Follow-up to typescript-sdk#1597 and modelcontextprotocol#2322 (comment). Same weather-lookup tool throughout so the diff between files is the argument.
| Axis | Where | How many options |
|---|---|---|
| Old client → new server (dual-path) | optionA–optionE |
Five — server handler shape is genuinely contested |
| New client → old server (dual-path) | clientDualPath.ts + sdkLib.ts |
One — handler signature is identical on both paths |
| MRTR footgun prevention | optionF, optionG, optionH |
Three — opt-in primitive, structural decomposition, or genuine suspension |
| Tier | Option | Who it's for | Trade-off |
|---|---|---|---|
| Easy / default | H (ContinuationStore) |
Most servers. Single-instance, or can do sticky routing on request_state |
Server stateful within a tool call — sticky routing at scale |
| Stateless / advanced | E + F or G | Horizontally scaled, ephemeral workers, lambda-style | Must write re-entrant handlers; F/G mitigate the footgun |
| Transition compat | A / C / D | Servers that want old-client elicitation during transition | Carries SSE infra; opt-in |
| Don't ship | B | Nobody | Hidden footgun, no upside over H |
H is the "keep await" option done safely — SSE-era ergonomics, MRTR wire protocol, zero migration, zero footgun. The price is server-side state (continuation frame in memory), so horizontal scale needs sticky routing. If your deployment can't do that (lambda, truly ephemeral
workers), drop to the stateless tier: write guard-first handlers (E) and use ctx.once (F) or ToolBuilder (G) to keep side-effects safe. B is the cautionary tale — same surface as H but the await is a goto, not a suspension.

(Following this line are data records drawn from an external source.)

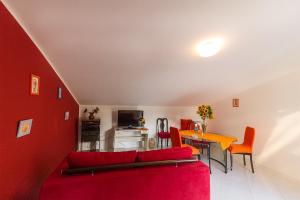 ヴィエトリにあるbb Al Centro Di Vietriのリビングルーム(赤いソファ、テーブル付)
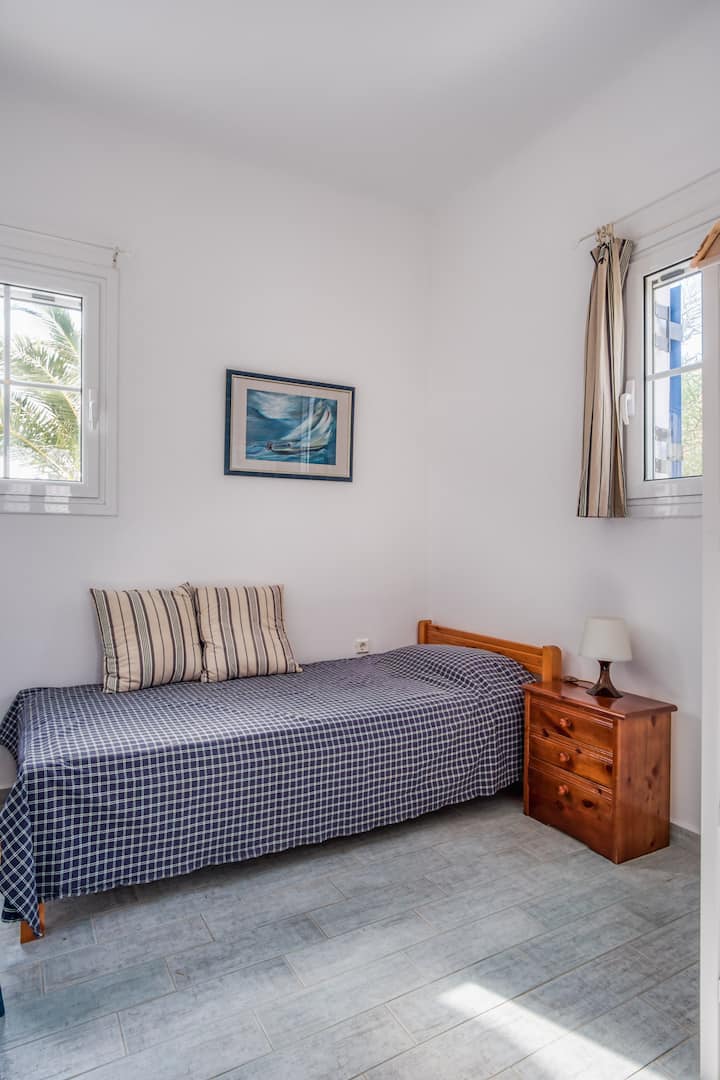 ერთადგილიანი ოთახი, სადაც შესაძლებელია გასახსნელი საწოლის დამატება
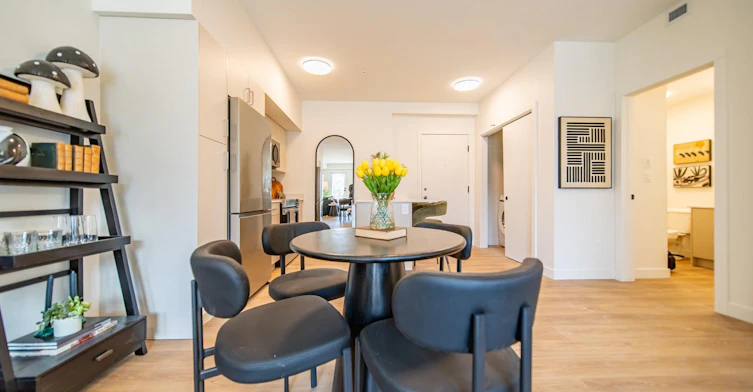 103-2040 37 Street Southwest, Calgary, AB, T3E 3A6 - 13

| Server infra | 2025-11 client | 2026-06 client |
|---|---|---|
| Can hold SSE | E by default; A/C/D if you opt in | MRTR |
| MRTR-only (horizontally scaled) | E by necessity | MRTR |
In both rows the server works for old clients — version negotiation succeeds, tools/list is complete, tools that don't elicit are unaffected. Only elicitation inside a tool is unavailable. Bottom-left isn't "unresolvable"; it's "E is the only option." Top-left is "E, unless
you choose to carry SSE infra." The rows collapse for E, which is the argument for making it the SDK default.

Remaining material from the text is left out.